Aim of the exercise: Your answer should hold only the lines from the one containing "umarani76's profile banner image" through the last line below, copied exactly; pictures stay out.

Data below:
- Opening Delimiter -

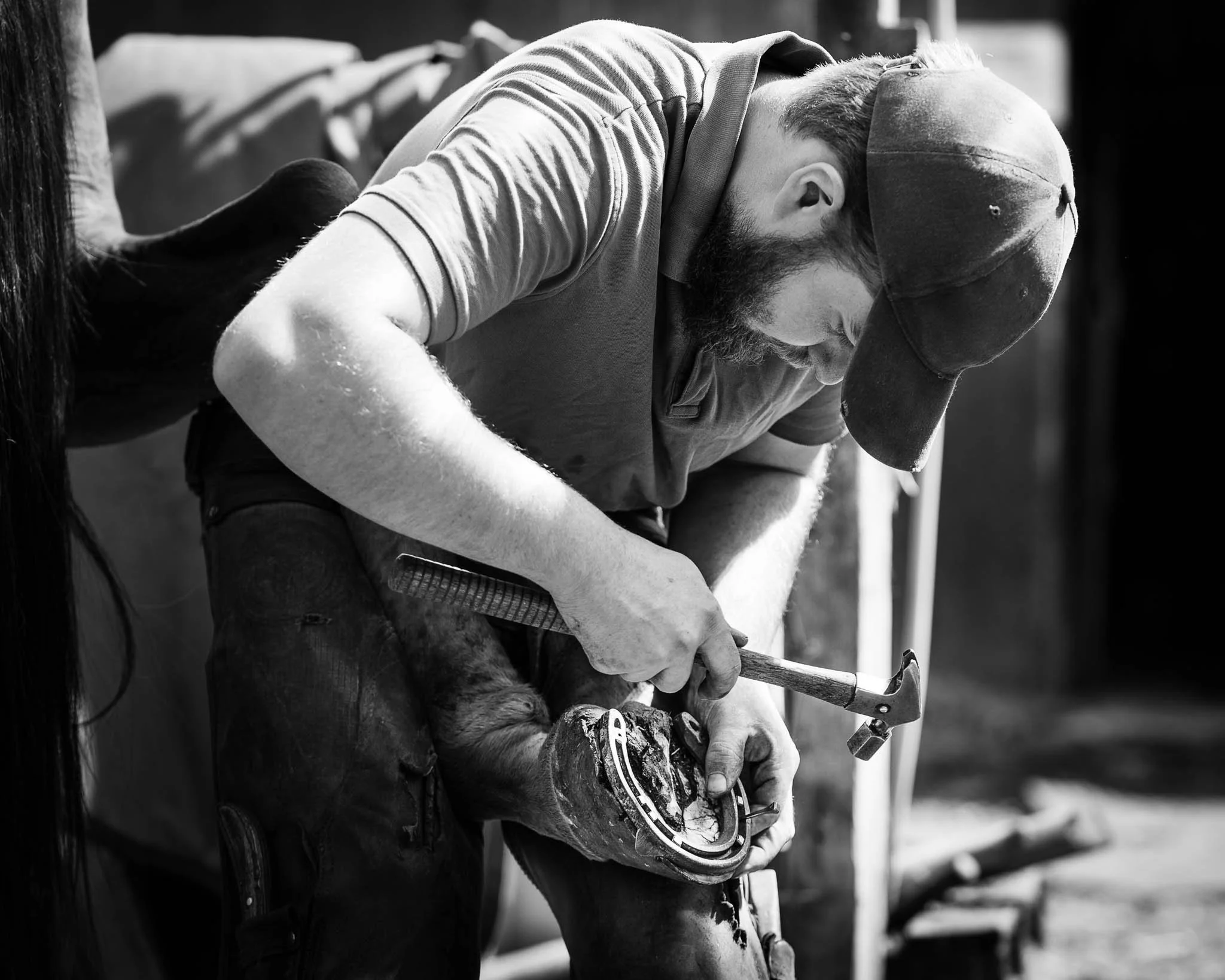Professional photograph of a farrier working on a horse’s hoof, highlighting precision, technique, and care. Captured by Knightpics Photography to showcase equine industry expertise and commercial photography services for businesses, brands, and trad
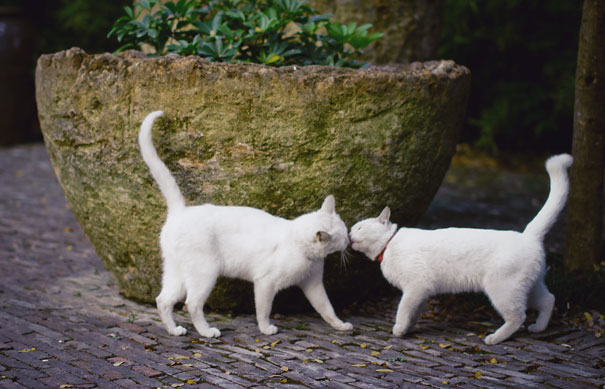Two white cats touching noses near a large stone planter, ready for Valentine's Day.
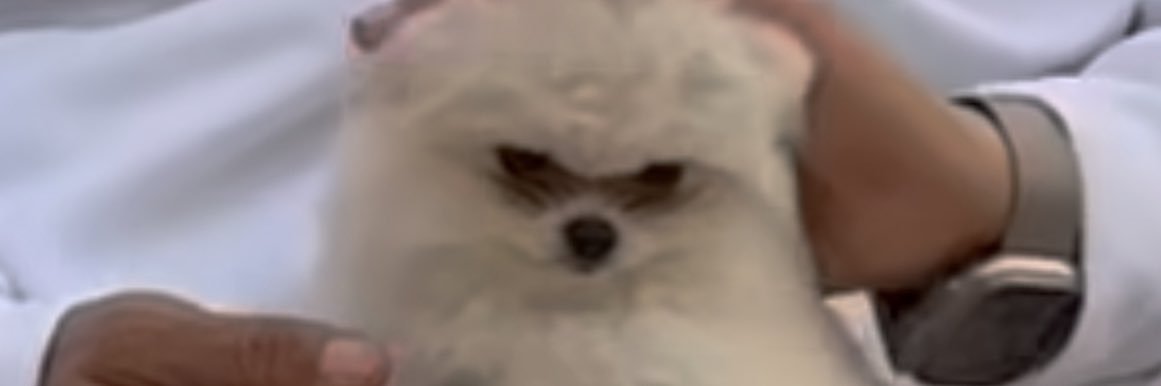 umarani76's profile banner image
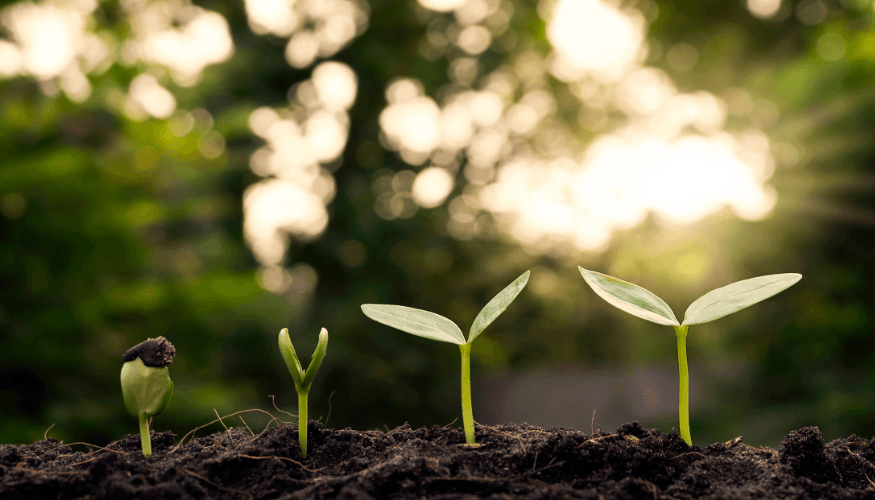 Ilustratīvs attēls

- Closing Delimiter -

Solution for this task:
 umarani76's profile banner image
 Ilustratīvs attēls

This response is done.